Ginsberg 1993 Oslo Interview – 1

Beginning today, serialization of a 1993 interview (a wide-ranging interview)  with Allen, recorded in Oslo in 1993. The interviewer, Audun Engh.  Almost three decades on but “news that stays news”, Allen is, as always, informative, lucid – and prescient

AE: So I think the camera is rolling….

AG: Yeah, now are you alright as far as the  the glare on eye-glasses and everything?. . Let’s start again.  The question is what are the lasting themes, or monuments, or achievements, of the Sixties?  –  and I would say as follows – the interest in the nature of mind itself and the texture of consciousness leading to interest in exploring psychedelic substances, magic mushrooms and peyote and LSD, leading to ecological consciousness, or interest in the mind relating to the world and  relating to ecological consciousness, (which was introduced very early), realization that the planet itself is threatened by destruction, by the human virus, (as if) the planet itself has AIDS, with the immune system breaking down and earth and air and fire and water all being tainted at this point, so that there is a serious danger that we have to face, slowly people are beginning to understand that, even governments; (also) interest in Eastern thought, the meeting of East and West, which is implicitly political as well as cultural but certainly eliminates a lot of cultural paranoia – in the past people thought that the East was inscrutable, because “East is East and West is West and never the twain shall meet”. Now Eastern mind is open and available to any Westerner who is interested in seeing how empty it is. That’s what it boils down to.

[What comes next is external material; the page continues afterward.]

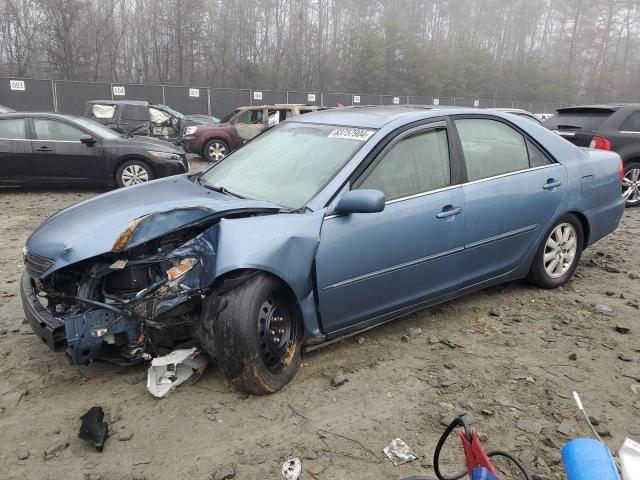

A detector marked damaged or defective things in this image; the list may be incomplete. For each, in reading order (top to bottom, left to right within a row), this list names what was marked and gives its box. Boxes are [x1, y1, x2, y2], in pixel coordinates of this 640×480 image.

crushed front end [21, 223, 211, 366]
crumpled hood [25, 175, 280, 274]
damaged blue sedan [21, 106, 624, 394]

AE: Allen Ginsberg is a symbol of four decades of rebellion, four decades of alternative culture In American society – which has spread to the western world and eventually also to the East. Already in the ‘Forties he joined forces with Jack Kerouac and William Burroughs and began to explore poetry and themselves.  They became interested in  Eastern religions, they became interested in ecology in the Third World, and eventually also in the political opposition to the American system.. Allen Ginsberg has survived all experiments, all madness, and he has nevertheless taken the time to come to Oslo.
Allen Ginsberg, I would like to return to the beginning, to the ‘Forties. What triggered your curiosity? What triggered your literary activities and your curiosity for Eastern philosophy?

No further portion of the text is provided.